Entries taken from a collection:
*** Block opens ***

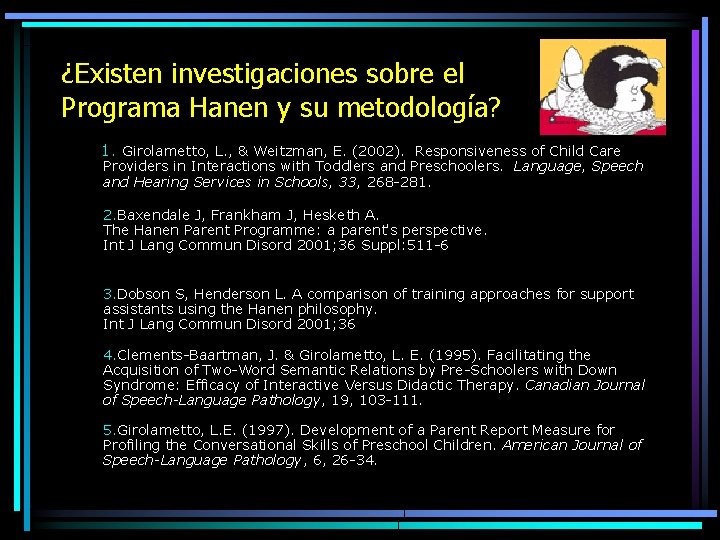 ¿Existen investigaciones sobre el Programa Hanen y su metodología? 1. Girolametto, L. , &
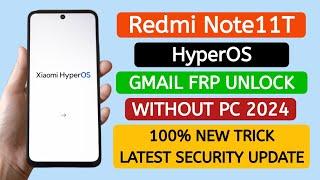 Redmi Note 11T 5G HyperOS Google Account Frp Bypass | Android 13-14 | WITHOUT PC.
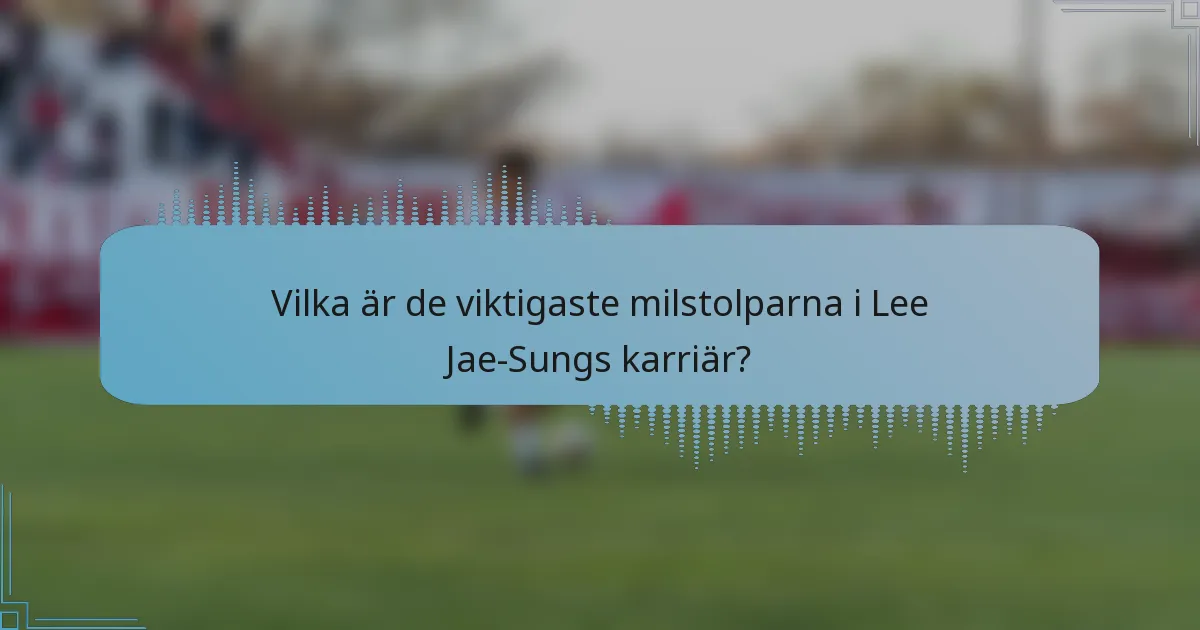 Vilka är de viktigaste milstolparna i Lee Jae-Sungs karriär?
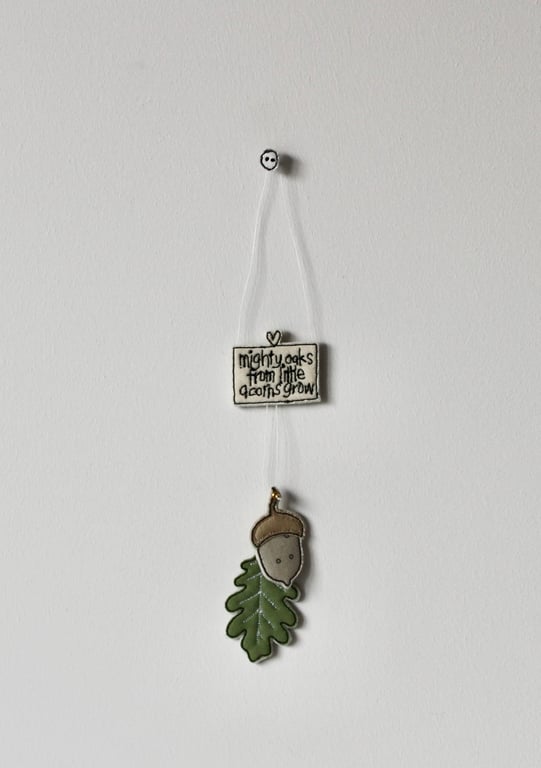'Mighty Oaks from Little Acorns Grow' - Hanging Decoration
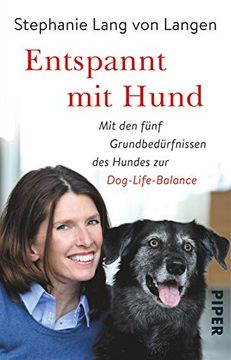 portada Entspannt mit Hund: Mit den Fünf Grundbedürfnissen des Hundes zur Dog-Life-Balance (in German)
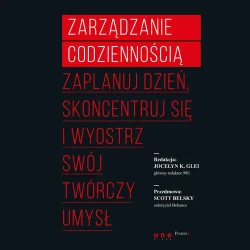 audiobook Zarządzanie codziennością. Zaplanuj dzień, skoncentruj się i wyostrz swój twórczy umysł - Jocelyn K. Glei
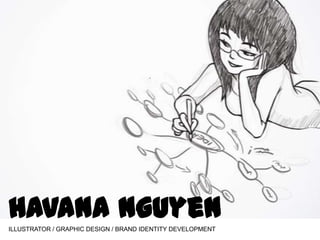Havana Nguyen ILLUSTRATOR / GRAPHIC DESIGN / BRAND IDENTITY DEVELOPMENT 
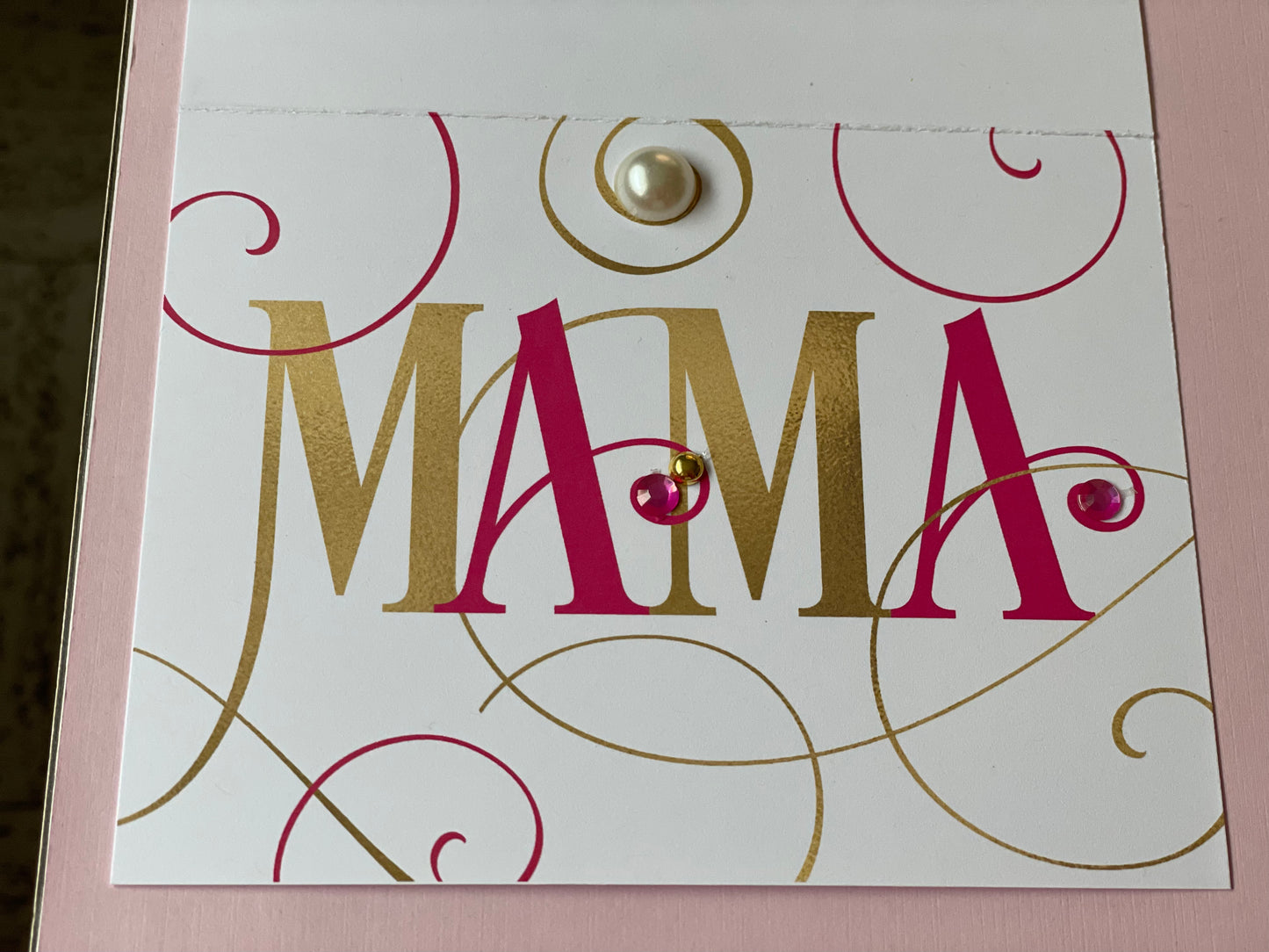 Handmade Mother's Day Card | Pink and Gold MAMA Design with Jewel Accent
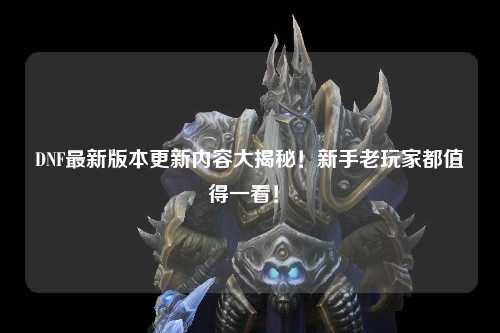 DNF最新版本更新內(nèi)容大揭秘！新手老玩家都值得一看！?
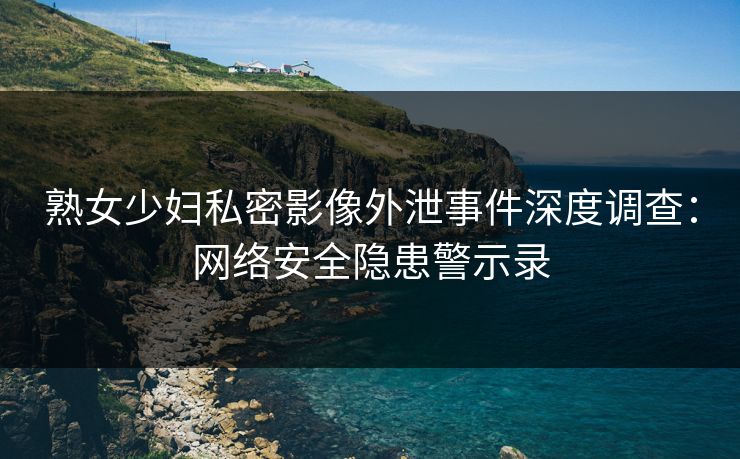 熟女少妇私密影像外泄事件深度调查：网络安全隐患警示录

*** Block closes ***

Task objective: The line containing "Havana Nguyen ILLUSTRATOR" and every line after it, through the end of the records, are what you should retype exactly. Do not include the pictures.

Answer for this exercise:
Havana Nguyen ILLUSTRATOR / GRAPHIC DESIGN / BRAND IDENTITY DEVELOPMENT 
 Handmade Mother's Day Card | Pink and Gold MAMA Design with Jewel Accent
 DNF最新版本更新內(nèi)容大揭秘！新手老玩家都值得一看！?
 熟女少妇私密影像外泄事件深度调查：网络安全隐患警示录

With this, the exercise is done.